CELEBESMEDIA.ID, Makassar - Presiden Amerika Serikat Donald Trump membatalkan rencana pengiriman utusan khususnya, Steve Witkoff dan Jared Kushner, ke Pakistan untuk membahas negosiasi dengan Iran.

Trump menyatakan keputusan itu diambil karena menilai perjalanan tersebut tidak akan menghasilkan kemajuan.

"Saya bilang, 'tidak, kalian tak akan melakukan penerbangan 18 jam untuk pergi ke sana. Kita memegang semua kartu,'" ujarnya dikutip dari Antara, Minggu (26/4).

"'Kalian tak akan melakukan penerbangan 18 jam lagi hanya untuk duduk dan membicarakan hal yang tak ada hasilnya", lanjut pernyataan tersebut.'

Meski demikian, Trump menegaskan pembatalan tersebut tidak berarti Amerika Serikat akan kembali melanjutkan serangan militer, sebagaimana dilaporkan Axios. Ia menilai kondisi internal Iran tengah diliputi ketidakjelasan kepemimpinan yang dapat memperlambat proses negosiasi.
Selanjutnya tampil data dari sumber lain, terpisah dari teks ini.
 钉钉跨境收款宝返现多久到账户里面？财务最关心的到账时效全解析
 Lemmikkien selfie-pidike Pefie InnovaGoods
"Tak ada yang tahu siapa yang berkuasa, termasuk mereka. Selain itu, kita memegang semua kartu, mereka tidak punya apa-apa! Jika mereka ingin berbicara, yang perlu mereka lakukan hanyalah menelepon!!!" tulis Trump di Truth Social.

Walau membatalkan pengiriman utusan, Trump menegaskan Washington tetap membuka peluang dialog dengan Teheran.

Di sisi lain, Menteri Luar Negeri Iran Abbas Araghchi telah tiba di Pakistan pada Jumat untuk mengikuti upaya mediasi antara kedua negara. Namun, sejumlah laporan menyebut delegasi Iran telah lebih dulu meninggalkan lokasi perundingan sebelum kedatangan utusan AS.

Sebelumnya, pada 28 Februari, Amerika Serikat bersama Israel melancarkan serangan ke sejumlah target di Iran, termasuk Teheran, yang menyebabkan kerusakan dan korban sipil.

Kedua pihak kemudian menyepakati gencatan senjata selama dua pekan sejak 7 April, tetapi perundingan lanjutan di Islamabad berakhir tanpa hasil.

Situasi memanas kembali setelah AS memberlakukan blokade terhadap pelabuhan Iran, sementara pihak mediator masih berupaya mengatur putaran negosiasi berikutnya.